Hi! I own a 2004 Chrysler Neon LX with 125k kilometers on it. I've owned it since new and I love the car still. Just two weeks ago I had the transmission cooler in the radiator break down and trans fluid flowing to the radiator. Luckily it all happened in my parking lot so supposedly no harm to the transmission was done.

I got the car towed to the local authorized Chrysler/Dodge/Jeep service to get the cooling system and transmission flushed, radiator and transmission filter replaced and of course new transmission fluid and coolant filled. So after waiting a few hours and paying the bill, which was about 1000USD (damn it's expensive in Finland) got the car back repaired and tested.

Drove about 15 kilometers and the car started acting strange, rpms going from normal idle 700rpm to 3000rpm back and forth without me pressing the pedal. Then I gor the car parked on the side of the road, turned it off, started it again with the same symptoms, maybe even worse and then the car stalled.

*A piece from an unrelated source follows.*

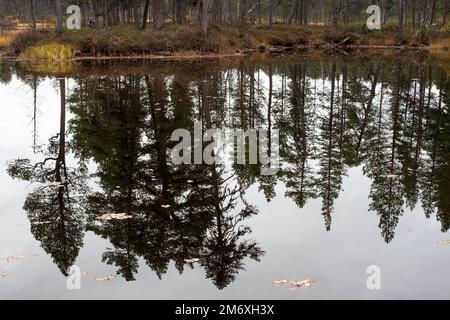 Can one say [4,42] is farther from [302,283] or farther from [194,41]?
[302,283]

I then had it towed back to my house because I really didn't want to pay any more money before I'm sure what's wrong with it.

I got the codes and there was this P2074 Vacuum leak. I have now done a visible check on everything I can think of (throttle body, intake manifold, brake booster line, pcv line) and none of them seem to have anything wrong. Is there something I'm missing? Can it be some defective sensor or would it throw a code on that sensor as well? When replacing the radiator is it possible they've touched something that might have loosen up?

Thanks for your help, any advice is needed and appreciated!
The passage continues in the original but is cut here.